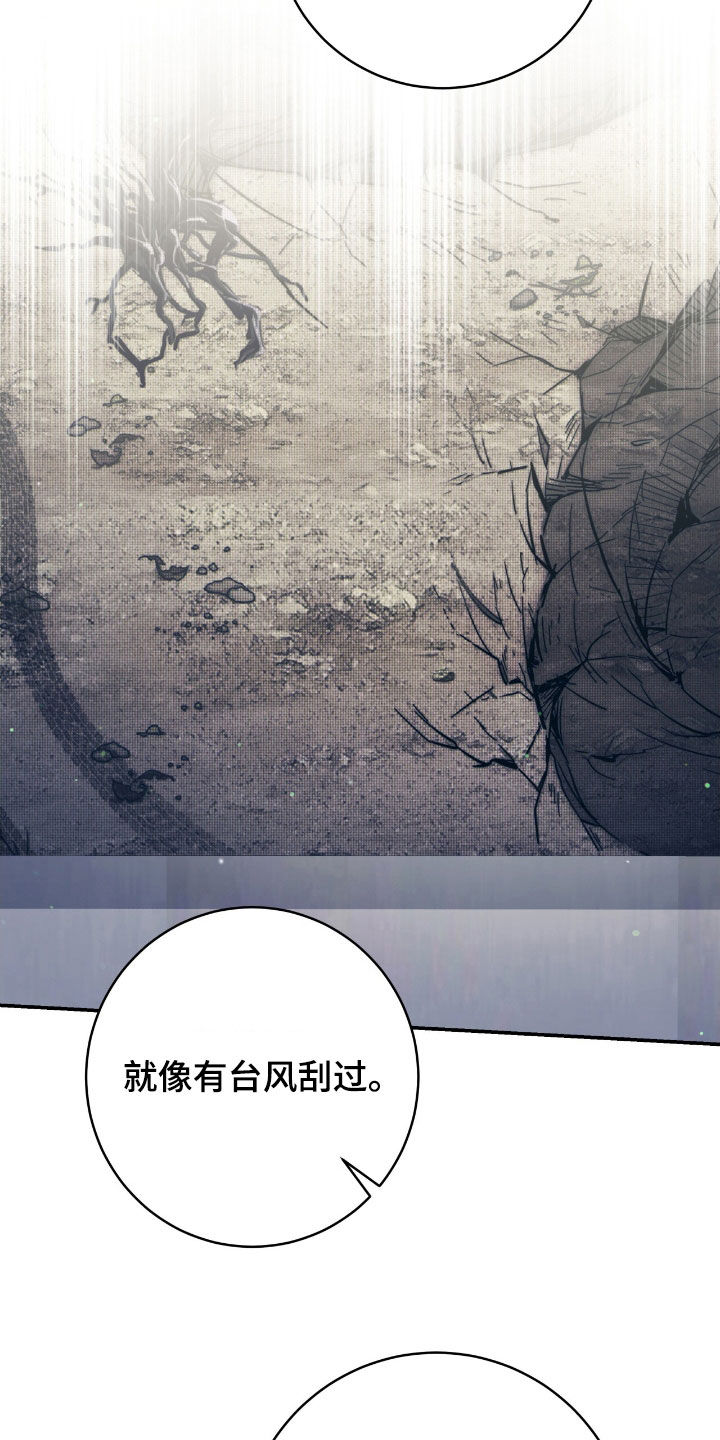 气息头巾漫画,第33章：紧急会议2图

============================================================

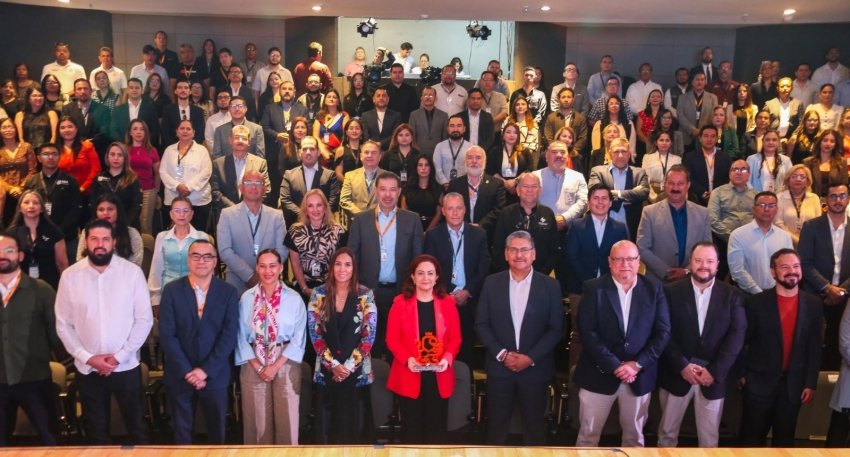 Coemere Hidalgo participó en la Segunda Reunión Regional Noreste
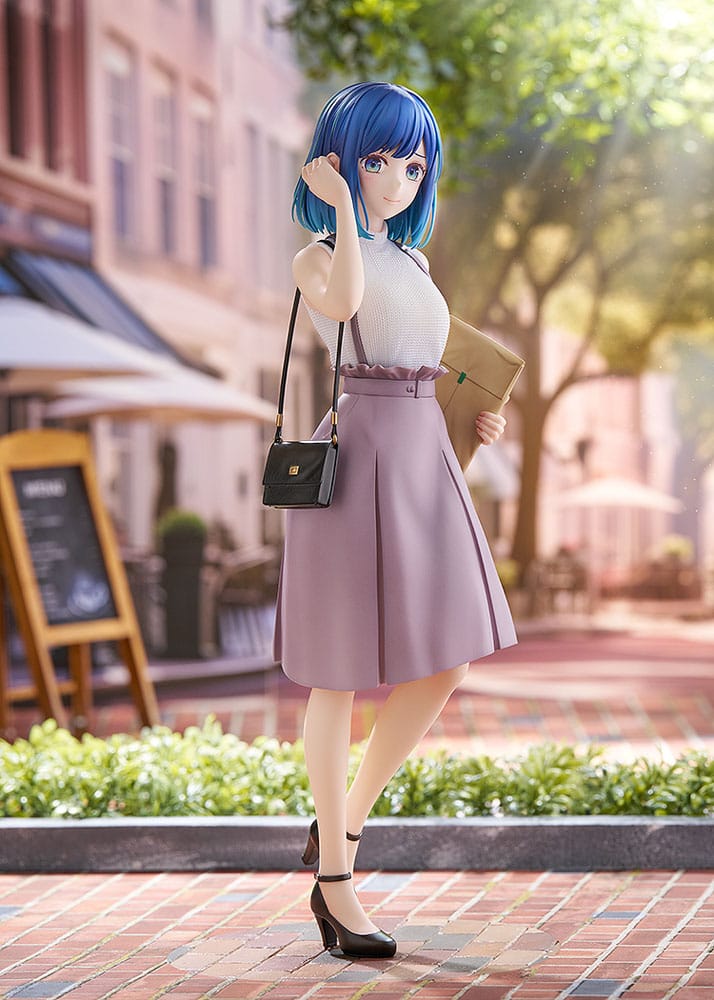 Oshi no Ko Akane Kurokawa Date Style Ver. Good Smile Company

============================================================

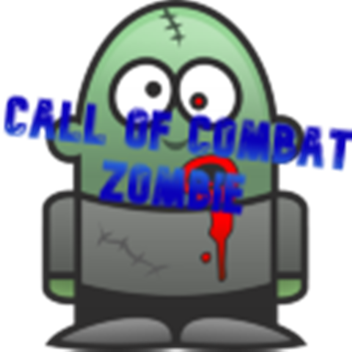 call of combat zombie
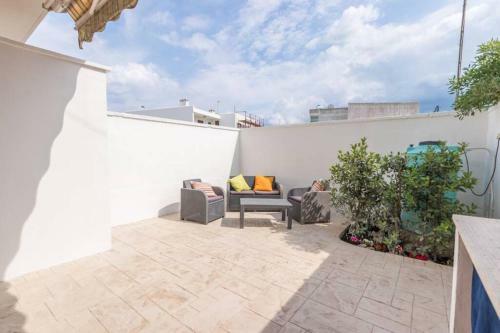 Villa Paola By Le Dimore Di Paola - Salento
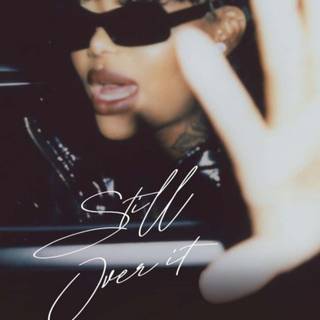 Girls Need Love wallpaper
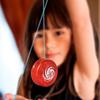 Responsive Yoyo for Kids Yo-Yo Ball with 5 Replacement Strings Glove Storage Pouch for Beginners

============================================================

**GOAL OF THE EXERCISE**
Copy needed, without pictures: the lines of the listing above from the line containing "call of combat zombie" up to and including the line containing "Responsive Yoyo for", set down exactly.

**COMPLETED EXERCISE**
 call of combat zombie
 Villa Paola By Le Dimore Di Paola - Salento
 Girls Need Love wallpaper
 Responsive Yoyo for Kids Yo-Yo Ball with 5 Replacement Strings Glove Storage Pouch for Beginners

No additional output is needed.